*Work instruction*
The word "your" marks the lines to find; copy every such line from the data below.

*Data provided*

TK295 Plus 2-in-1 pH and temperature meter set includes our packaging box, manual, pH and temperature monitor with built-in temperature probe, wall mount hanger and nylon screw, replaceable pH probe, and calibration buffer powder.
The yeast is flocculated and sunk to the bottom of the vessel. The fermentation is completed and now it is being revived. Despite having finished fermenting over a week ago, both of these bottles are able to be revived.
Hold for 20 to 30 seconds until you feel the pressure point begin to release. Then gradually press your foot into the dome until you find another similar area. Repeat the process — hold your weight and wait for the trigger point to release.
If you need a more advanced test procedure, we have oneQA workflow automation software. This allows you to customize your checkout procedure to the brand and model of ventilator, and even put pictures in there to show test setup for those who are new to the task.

---

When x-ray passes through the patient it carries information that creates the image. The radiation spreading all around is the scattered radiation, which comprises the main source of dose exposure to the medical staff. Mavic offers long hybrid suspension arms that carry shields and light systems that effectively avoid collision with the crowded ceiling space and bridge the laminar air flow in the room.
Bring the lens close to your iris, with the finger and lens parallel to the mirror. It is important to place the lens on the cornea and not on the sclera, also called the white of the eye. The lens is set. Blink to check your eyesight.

*Output for this exercise*
Hold for 20 to 30 seconds until you feel the pressure point begin to release. Then gradually press your foot into the dome until you find another similar area. Repeat the process — hold your weight and wait for the trigger point to release.
If you need a more advanced test procedure, we have oneQA workflow automation software. This allows you to customize your checkout procedure to the brand and model of ventilator, and even put pictures in there to show test setup for those who are new to the task.
Bring the lens close to your iris, with the finger and lens parallel to the mirror. It is important to place the lens on the cornea and not on the sclera, also called the white of the eye. The lens is set. Blink to check your eyesight.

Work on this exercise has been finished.